FlashReduce never turns off and is more than inline deduplication. FlashReduce combines 5 data reduction processes; 3 inline (pattern removal, dedupe and compression), 1 provisioning (clones/xcopy), and 1 post process (deep reduction). It is always on and cannot be scheduled or disabled.
For the technically curious, let’s take this discussion a bit deeper…
Ensuring performance is a priority in the architectural design of every application. This capability is also possible from a flash storage architecture that adapts resource assignment based on workload. This is truly unique as historically, and even today, many are conditioned to purchase additional hardware explicitly to address the unexpected.
Pure Storage prioritizes the delivery of 100% of the system performance under all conditions including planned and unplanned outages. We’ve even designed service level assurance within the data reduction engine. Should the FlashArray become CPU constrained, Purity will reduce the amount of time allocated for data in NVRAM to be deduplicated and will assign the freed CPU resources to proritize the delivery of host IO. The dedupe process is never disabled, but in these conditions the thoroughness of a hash lookup is reduced and may allow for redundant blocks to hit flash. After the high write load subsides, Purity will respond and reassign resources back to the data reduction engine. FlashCare will identify and dedupe any redundant data that may have made it to SSD.
So you may ask, “How often does this occur?” According to CloudAssist a very minimal amount of all data stored across our entire install base occurred while the dedupe engine was deprioritized. The number isn’t zero but it’s likely you can’t measure it.
Unlike data compression, where all data is compressed, data deduplication tends to operate in bursts that are easy to identify. Two common examples of bursts of redundant data entering the FlashArray include the import or migration of multiple VMs on to the FlashArray and the mass deployment of a patch to many VMs. In both of these cases the dedupe engine still eliminates the redundancy in these instance as what you could consider as the ‘most recently deduped’ hash table and lookup is never disabled.

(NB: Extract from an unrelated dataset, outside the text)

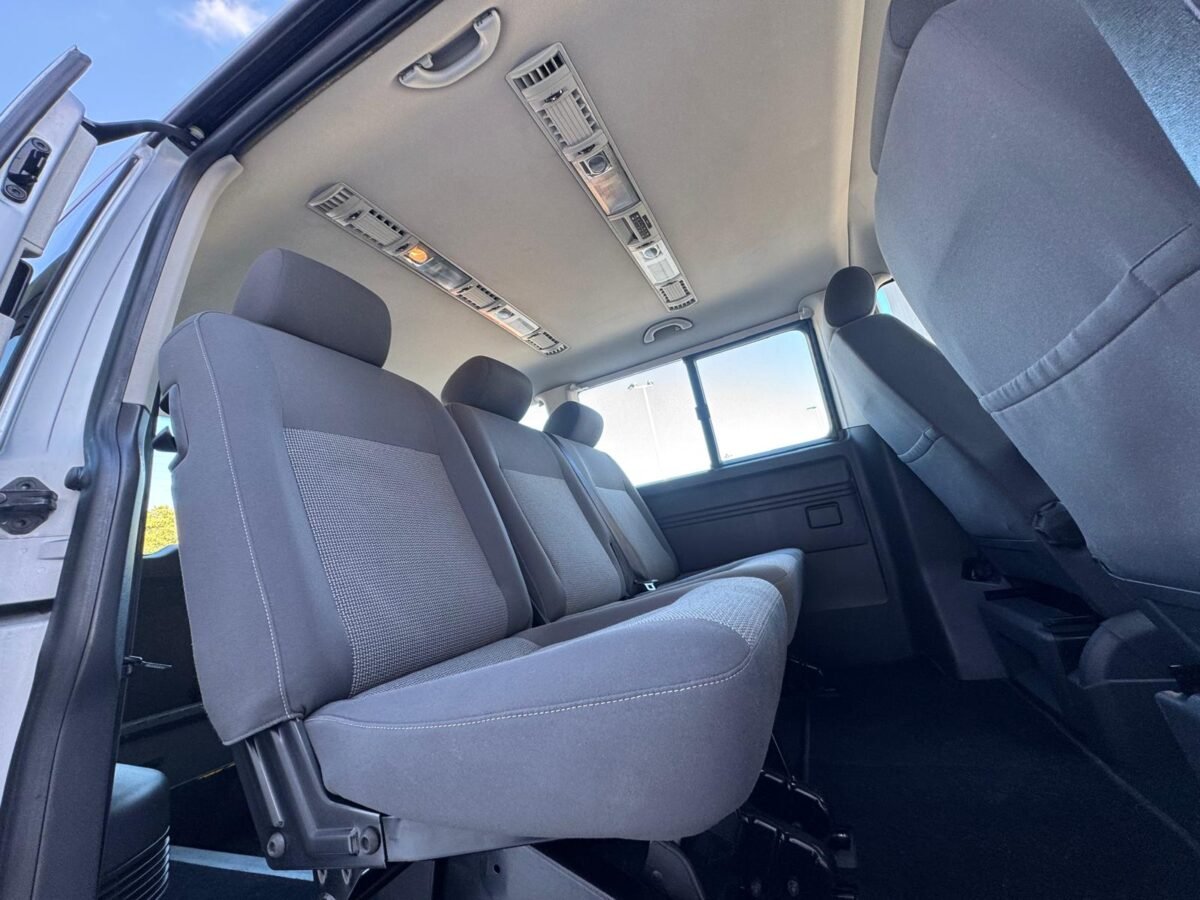 VOLKSWAGEN Caravelle Largo 2.0 TDI Comfortline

Prioritizing application performance over secondary benefits can be a foreign concept for those who only think in terms of hardware. I assure you the adaptive capability within the FlashArray provides a level of assurance that application admins have never experienced from a storage platform.
Let’s see the forest for the trees. If another vendor is challenging the completeness of Pure’s adaptive approach to data reduction, ask yourself realistically which is a more capable architecture: 1). The array that misses >50% or more of the data reduction potential by lacking compression or implementing fixed and/or large block deduplication engine” or 2). The array that offers more forms of data reduction, in a more granular fashion and is designed to ensure 100% performance to the applications it hosts” Obviously this is a rhetorical question that has competitors struggling to counter with any substance beyond a claim that, “Pure’s dedupe turns off!”
I’ll provide more detail on some of technical constructs in this section in the upcoming posts: “The Benefits of NVRAM“ and “Ensuring 100% Performance“
Enabling the Flash-Powered Datacenter
Pure Storage has changed the economics of storage. When you can have all-flash at the price of disk why would you consider any disk-based storage platform? Our customers are averaging 6:1 data reduction and these savings are measured without any over provisioning enabled by thin provisioning. I hope I have helped explain how Pure Storage can provide at least 2X the storage savings and in turn a 2X reduction in cost over alternative all-flash arrays.